[WORK INSTRUCTIONS]
Would you please output the lines from the one holding "Tepoztlán sobre avenida" to the end of the entries, exactly and with no others?

[SOURCE RECORDS]

----------------------------------------

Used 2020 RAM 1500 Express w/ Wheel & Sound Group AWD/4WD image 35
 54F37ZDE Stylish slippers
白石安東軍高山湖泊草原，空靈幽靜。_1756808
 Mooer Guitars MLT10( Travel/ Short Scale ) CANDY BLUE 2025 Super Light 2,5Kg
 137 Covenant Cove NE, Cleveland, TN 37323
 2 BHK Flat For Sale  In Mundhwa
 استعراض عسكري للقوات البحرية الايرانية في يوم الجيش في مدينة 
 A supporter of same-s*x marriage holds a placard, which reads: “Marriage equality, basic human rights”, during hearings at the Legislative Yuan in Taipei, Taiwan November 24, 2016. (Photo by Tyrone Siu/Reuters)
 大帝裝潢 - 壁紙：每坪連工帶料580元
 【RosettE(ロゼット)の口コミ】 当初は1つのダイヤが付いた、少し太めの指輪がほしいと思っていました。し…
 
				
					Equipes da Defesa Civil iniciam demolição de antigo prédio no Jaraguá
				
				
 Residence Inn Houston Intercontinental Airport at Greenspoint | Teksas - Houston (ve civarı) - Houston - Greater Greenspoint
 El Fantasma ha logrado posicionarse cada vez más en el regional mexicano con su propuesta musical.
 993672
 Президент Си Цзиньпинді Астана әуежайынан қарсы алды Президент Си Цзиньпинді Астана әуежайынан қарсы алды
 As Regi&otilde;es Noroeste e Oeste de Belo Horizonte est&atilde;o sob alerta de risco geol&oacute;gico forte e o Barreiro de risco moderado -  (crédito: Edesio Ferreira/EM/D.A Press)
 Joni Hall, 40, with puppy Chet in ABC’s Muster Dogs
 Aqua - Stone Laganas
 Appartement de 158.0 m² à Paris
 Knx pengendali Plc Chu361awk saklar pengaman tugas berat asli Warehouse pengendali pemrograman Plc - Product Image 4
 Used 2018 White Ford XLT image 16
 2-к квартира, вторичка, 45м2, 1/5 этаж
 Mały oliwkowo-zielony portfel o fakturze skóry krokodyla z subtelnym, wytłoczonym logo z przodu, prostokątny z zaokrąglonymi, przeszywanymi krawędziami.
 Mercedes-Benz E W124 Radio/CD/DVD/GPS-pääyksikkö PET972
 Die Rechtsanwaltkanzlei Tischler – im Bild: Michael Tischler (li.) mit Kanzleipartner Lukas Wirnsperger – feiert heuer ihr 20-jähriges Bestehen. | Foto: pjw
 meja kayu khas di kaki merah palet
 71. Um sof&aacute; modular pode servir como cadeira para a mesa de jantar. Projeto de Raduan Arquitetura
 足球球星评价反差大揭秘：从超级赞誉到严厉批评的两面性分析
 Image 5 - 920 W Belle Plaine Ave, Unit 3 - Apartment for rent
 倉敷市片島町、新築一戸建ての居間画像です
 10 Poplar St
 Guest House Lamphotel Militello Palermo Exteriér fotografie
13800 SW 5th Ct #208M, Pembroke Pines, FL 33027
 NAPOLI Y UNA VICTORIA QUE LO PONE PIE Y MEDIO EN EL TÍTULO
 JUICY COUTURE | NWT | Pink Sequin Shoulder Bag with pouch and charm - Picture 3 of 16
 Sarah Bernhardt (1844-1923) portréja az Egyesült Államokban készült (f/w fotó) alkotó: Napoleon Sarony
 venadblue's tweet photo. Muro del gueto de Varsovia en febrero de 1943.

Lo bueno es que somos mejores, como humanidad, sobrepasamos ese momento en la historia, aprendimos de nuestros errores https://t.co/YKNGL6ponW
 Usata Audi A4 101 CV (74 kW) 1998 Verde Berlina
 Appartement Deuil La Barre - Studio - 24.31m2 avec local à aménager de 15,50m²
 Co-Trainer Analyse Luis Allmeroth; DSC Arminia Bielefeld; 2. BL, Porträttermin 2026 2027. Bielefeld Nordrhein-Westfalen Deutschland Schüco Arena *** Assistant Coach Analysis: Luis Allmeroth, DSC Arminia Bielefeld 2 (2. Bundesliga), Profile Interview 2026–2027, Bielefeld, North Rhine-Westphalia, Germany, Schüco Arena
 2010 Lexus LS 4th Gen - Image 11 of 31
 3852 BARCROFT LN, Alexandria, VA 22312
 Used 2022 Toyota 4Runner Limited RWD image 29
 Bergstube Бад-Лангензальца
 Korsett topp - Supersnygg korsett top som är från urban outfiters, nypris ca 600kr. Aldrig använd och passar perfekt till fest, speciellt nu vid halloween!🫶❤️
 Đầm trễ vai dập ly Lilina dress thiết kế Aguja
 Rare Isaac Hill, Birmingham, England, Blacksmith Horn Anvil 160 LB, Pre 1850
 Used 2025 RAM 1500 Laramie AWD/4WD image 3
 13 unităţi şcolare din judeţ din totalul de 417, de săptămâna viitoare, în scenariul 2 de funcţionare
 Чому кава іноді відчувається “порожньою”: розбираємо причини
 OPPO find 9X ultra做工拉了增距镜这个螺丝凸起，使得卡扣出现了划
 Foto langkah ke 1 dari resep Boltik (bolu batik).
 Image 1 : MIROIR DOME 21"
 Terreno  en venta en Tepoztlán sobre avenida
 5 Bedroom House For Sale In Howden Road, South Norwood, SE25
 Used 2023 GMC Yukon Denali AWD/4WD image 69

----------------------------------------

[SOLUTION TO THE EXERCISE]
 Terreno  en venta en Tepoztlán sobre avenida
 5 Bedroom House For Sale In Howden Road, South Norwood, SE25
 Used 2023 GMC Yukon Denali AWD/4WD image 69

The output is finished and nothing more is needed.